Some employers, foundations, and other funders offer additional support for summer work. Students can apply for funding from their host employer or from outside sources. Below are summer fellowship opportunities that are available to Columbia Law students.
- Center for Japanese Legal Studies Public Interest Fellowship (1Ls & 2Ls): The Center for Japanese Legal Studies Public Interest Fellowship is open to first- and second-year law students who demonstrate an interest in working in Japan in public interest law over the summer. Up to two fellowships are available each year. Each provides a $10,000 stipend for airfare, living, and other expenses. This funding has been awarded for 2019.
- John R. Oldham Fellowship (1Ls & 2Ls): Administered by the Center for Chinese Legal Studies, this fellowship supports first- and second-year law students doing summer work in greater China, either in public interest (including government) or academic research. Applications consist of a resume, transcripts, a two-page summary of the proposed project, an estimated budget, and whether funding will be received from another source (such as WEAI). Learn more about the John R. Oldham Fellowship. Learn more about the John R. Oldham Fellowship. Applications are due March 15.

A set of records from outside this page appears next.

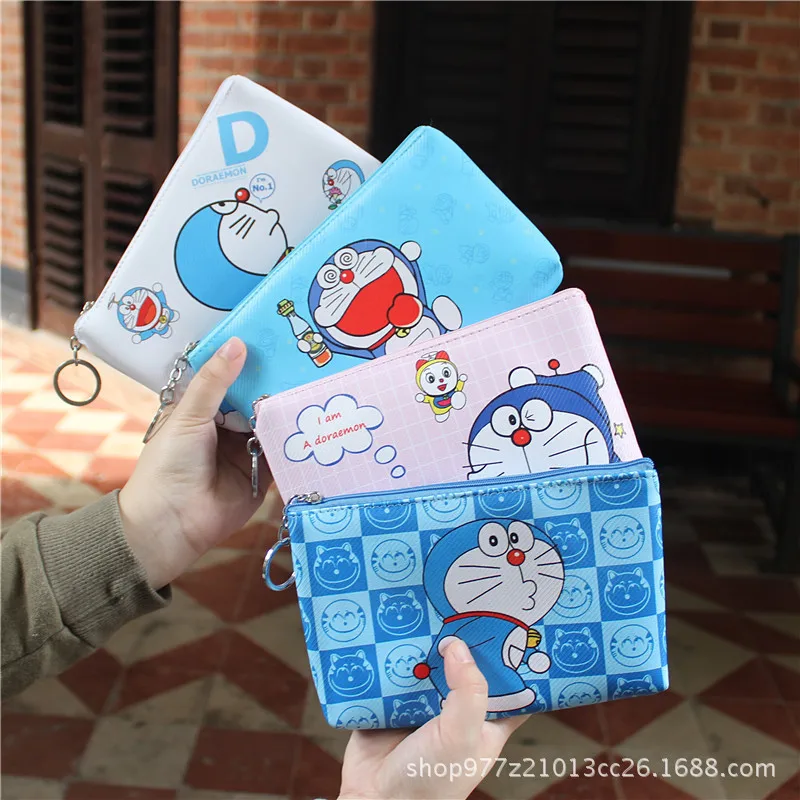 IVYYE 1 шт. синий кошелек для монет из искусственной кожи Doraemon мультяшный мягкий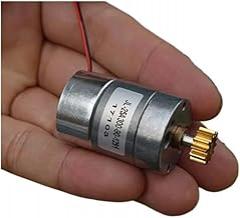 -12V 92 RPM Slow Speed Full Metal Gearbox Gear Electronic Starter with 12 Teeth Metal Copper Gear Large Torque 1: 90 Reduction Ratio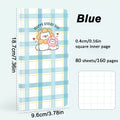 1pc Cute Cartoon Animal Theme Notebook, 80 Sheets\u002F160 Pages, Grid Diary Planner for Weekly Planning and Journaling – Perfect School & Office Use! Back-to-School Essential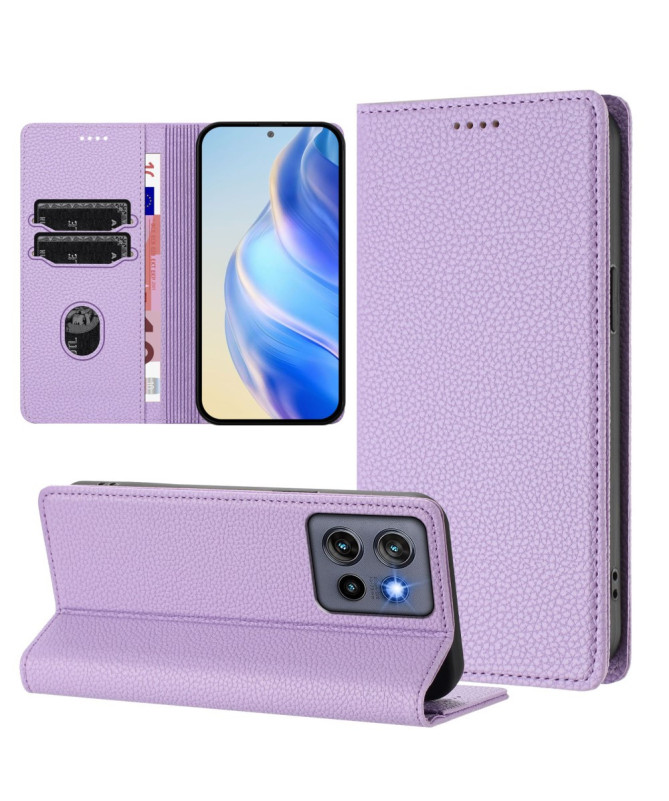 Housse Motorola Edge 50 Neo Flip Cover Texture Grainée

- Venable, LLP (1Ls): The Venable Fellowship offers a stipend to a first-year Columbia Law School student in the J.D. program who demonstrates a commitment to public interest and who is registered in the GSF program. The fellowship will provide a total of $10,000 for ten weeks of work in an unpaid, public interest summer internship in the United States. Learn more about the Venable, LLP Fellowship. Applications are due April 15 by 3 p.m.
- Catalyst Public Service Fellowships (1Ls): The New York Bar Foundation funds these summer fellowships to students working at qualifying organizations and agencies, allowing 1L summer interns to receive additional compensation for ten weeks of work instead of the standard eight. Preference will be given to first year students. You do not need a confirmed placement to apply. Learn more about the Catalyst Public Service Fellowship. Applications are due April 3 by 3 p.m. Late applications will be considered on a rolling basis.
Justice John Paul Stevens Public Interest Fellowship (1Ls): The John Paul Stevens Fellowship was established in 2011 by the John Paul Stevens Foundation to enable law students to work in otherwise unpaid public interest summer law positions for ten weeks. Two students are named to the Stevens Fellowship each year; the Fellowship is part of a nationwide program to honor Justice Stevens' lifelong dedication to improving the justice system. Learn more about the Justice John Paul Stevens Public Interest Fellowship. Applications are due April 15 by 3 p.m.
When is the Early Interview Program (EIP)? Will that affect my GSF if I choose to participate?
Students planning to participate in EIP should plan their internships accordingly. GSF requirements (8 weeks of work for 1Ls and 10 weeks of work for 2Ls) should be completed in early August prior to EIP, or students can make arrangements with their placement.
What if I plan to apply for Law Review?
Students should arrange their summer so that they are able to complete at least eight weeks in a placement organization before returning to school in mid-to-late July for Law Review Orientation.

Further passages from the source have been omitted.